I think I woke up a little the worse for the beer on Saturday morning, but Mark & I got coffee, then we woke up the kids and went for a real breakfast. Our favorite Greek-owned breakfast place moved a few blocks west, on Madison St. on the border between River Forest & Forest Park, where I used to live, and, when we went in 2007, we didn’t like it quite as well. Meanwhile, the diner that was always in downtown Oak Park, that was extremely mediocre the few times I tried it when I lived in the vicinity 15 years ago, seems to have improved to become the breakfast spot of choice. So that’s where we went. I had over medium eggs that were really over medium; adequate sausage – not as good as Willow Creek or Usinger, or even Johnsonville but cheaper than the first two brands anyways; OK potatoes – well-cooked but could’ve been browner; and toast that could’ve been a lot hotter, but at least the butter was soft enough to spread on it, cold as it was.

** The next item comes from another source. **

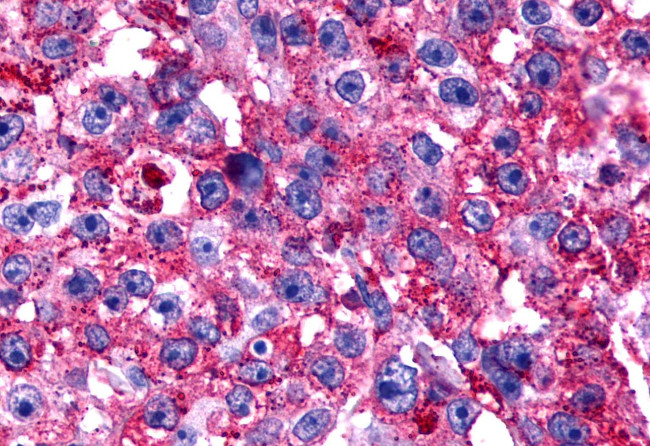 TPRA1 Antibody in Immunohistochemistry (Paraffin) (IHC (P))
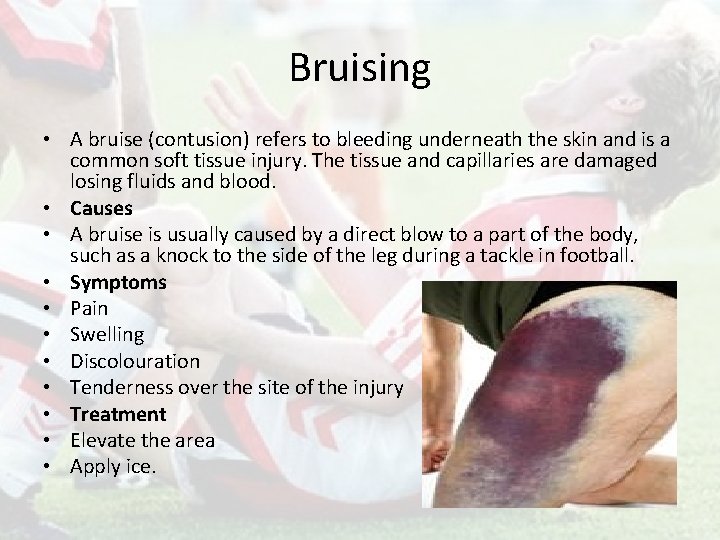 Bruising • A bruise (contusion) refers to bleeding underneath the skin and is a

Down to Lolla-land in time for Blues Traveler who were pleasant enough. Then we bailed – listened to Against Me!’s first song on the way out – and went to the Art Institute, to see Henri Cartier-Bresson. It was a pretty amazing show – especially to us baby boomers raised on Life magazine, and photo journalism. The images were presented on their own, for the most part – there were two photo essays, on Mao’s China and a business in NYC, both in the 1960s (shades of Mad Men), that included Cartier Bresson’s captioning, but the rest were mostly just places and dates.The Chicago Tribune did a nice article on Sunday morning with a two-page spread (not recreated in the online copy) of some of the most striking and familiar images, like Brie:
Then back to Lollapalooza – we went to the more southern food court – Balbo St. – because the reviews were saying there were more interesting choices there, but we got pulled pork sandwiches, an easy & familiar choice. Then we sat in a kind of trampled and cigarette butt-littered, but shady, area, heard 4 AFI songs, and ate. Then it was time to reclaim our hillside spots to see Social Distortion, and the big closer of night, Green Day. Slightly Stoopid played in between. I listened for a little bit of them, and I hadn’t realized how reggae they are. John says the stoners love them. I didn’t love them all that much so I went to get an ice cream. I admired the technique the place selling the ice cream was using – 5 flavors, all waffle cones, frozen in the cone, with a sheet of plastic on top, that they peeled off as they handed it to you. Everything $5. No scooping, spoons, change, etc. I had cookie dough, and the ice cream itself, sadly, was not as good as the technique.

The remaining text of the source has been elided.